そして、前述の押下を解除することで、移動機構によって移動部材が前方に向けて移動させられ、この移動に伴い栓体が下方に向けて押し込まれる。これにより、栓体がノズル孔に接近し、ノズル孔が閉塞される。
【0007】
以上により、下方に向けて開口するノズル孔を開閉することが可能となり、ステム内及びノズル部内を流通した吐出器内の内容物を下方に向けて吐出させることができる。これにより、吐出器を傾けることなく内容物を下方に向けて吐出させることができるので、操作時に例えば一方の手でヘッド本体を押下して、ノズル孔から吐出された内容物を他方の手で受け取ること等が可能となる。

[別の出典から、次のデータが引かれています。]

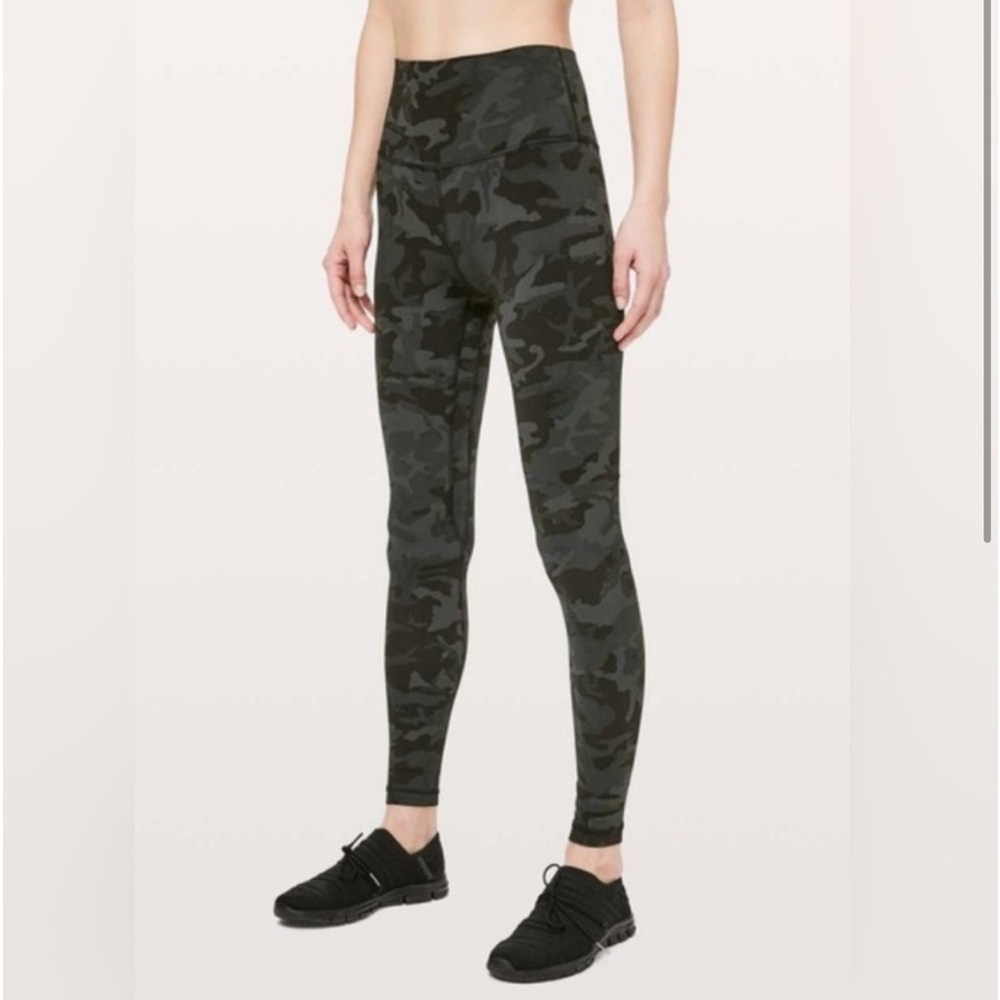 Lululemon • Align Pant HR Full Length 28" Incognito Camo
Multi Gator Green SZ 2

また、この押下ヘッドでは、移動部材が前後方向へ移動し、更に栓体が上下方向へ移動しており、移動部材及び栓体いずれの移動も一定方向に沿った直線的な移動であるので、開閉動作における作動不良の発生を抑制することができる。
【0008】
また、本発明に係る押下ヘッドでは、天壁部、及びこの天壁部の下面から下方に向けて延設され前記ステムに連結される装着筒を有する装着筒部材を備え、前記移動機構は、前記移動部材を前方に向けて付勢する弾性部材と、前記移動部材の後端部に連結された梃子部材と、を備え、前記梃子部材は、下方に向かうに従い前方に向けて屈曲させられてその下端部が前記天壁部上に配置され、且つ前記装着筒部材に対する前記ヘッド本体の押下時に前記移動部材を後方に向けて移動させるように揺動可能に支持されていても良い。
【0009】
この場合、まず、装着筒部材に対してヘッド本体を押下することで、梃子部材は、その下端部が天壁部上を前方に向けて摺動し且つ移動部材の後端部に連結された部分が後方に向けて移動するように揺動される。これにより、移動部材は、弾性部材による前方への付勢力に抗して後方に向けて移動される。

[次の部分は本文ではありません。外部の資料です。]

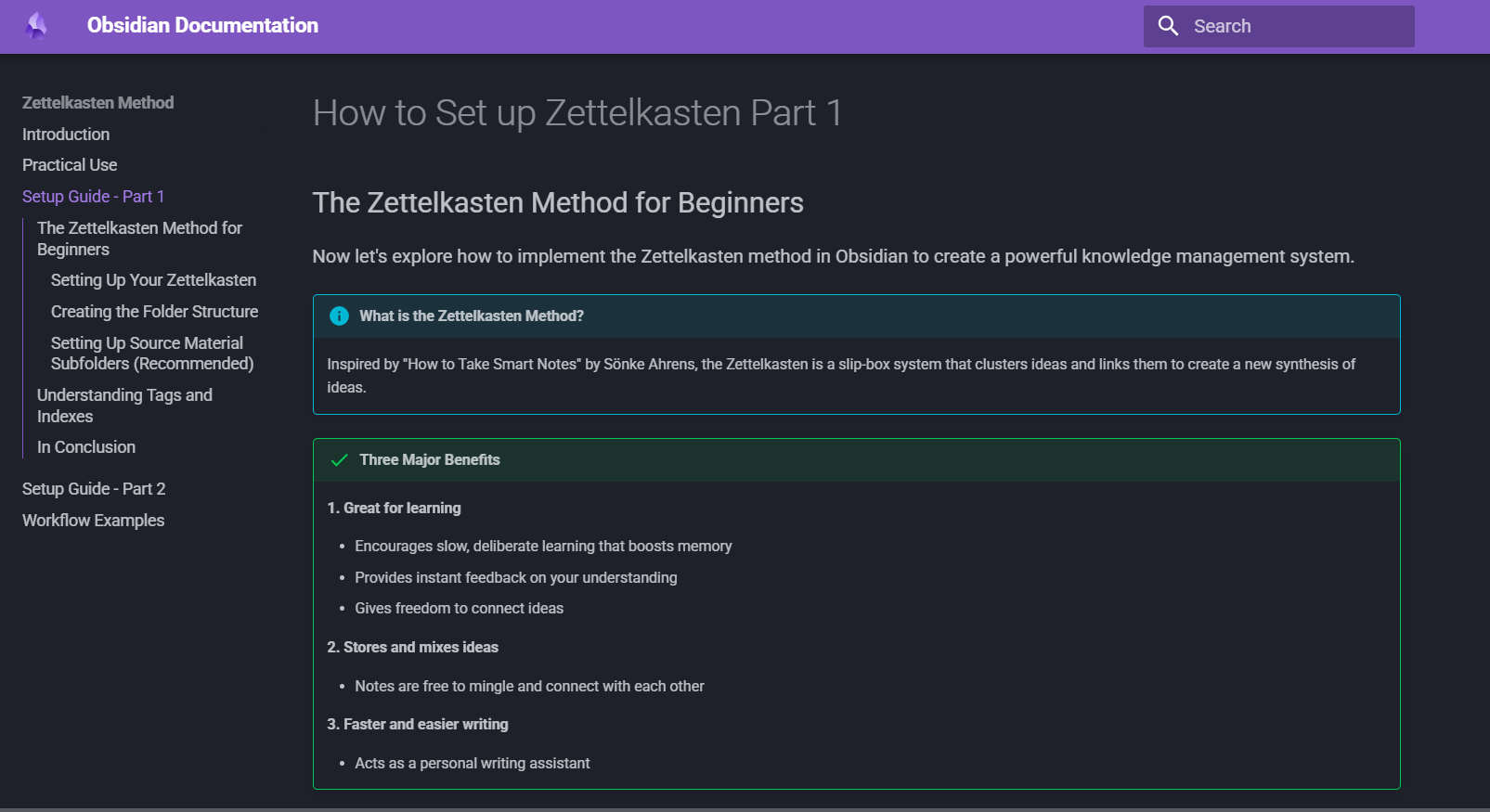 Obsidian Documentation Project screenshot 4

そして、前述の押下を解除することで、移動部材は、弾性部材の付勢力により前方に向けて移動される。
以上により、移動部材を確実に前後方向に移動させることが可能となり、ノズル孔の開閉動作における作動不良の発生を確実に抑制することができる。
【0010】
また、本発明に係る押下ヘッドでは、前記移動部材は、前後方向に延びる棒状に形成され、前記栓体の外面には、前側から後側に向かうに従い下方に向けて傾斜する第1傾斜面が形成され、前記移動部材の前端部には、前側から後側に向かうに従い下方に向けて傾斜する第2傾斜面が形成され、前記移動機構により前記移動部材が後方或いは前方に向けて移動させられるときに前記第1傾斜面と前記第2傾斜面とが当接しても良い。
【0011】
この場合、移動機構により移動部材が後方或いは前方に向けて移動させられるときに前記第1傾斜面と前記第2傾斜面とが当接するので、栓体と移動部材とを円滑に摺動させることができる。従って、移動部材の移動に伴い栓体を上方或いは下方に向けて円滑に移動させることができるので、ノズル孔の開閉動作における作動不良の発生を確実に抑制することができる。
【発明の効果】
【0012】
本発明に係る押下ヘッドによれば、装着した吐出器内の内容物を下方に吐出することができる。
【発明を実施するための最良の形態】
【0013】
以下、本発明に係る押下ヘッドの一実施形態を、図1及び図2を参照して説明する。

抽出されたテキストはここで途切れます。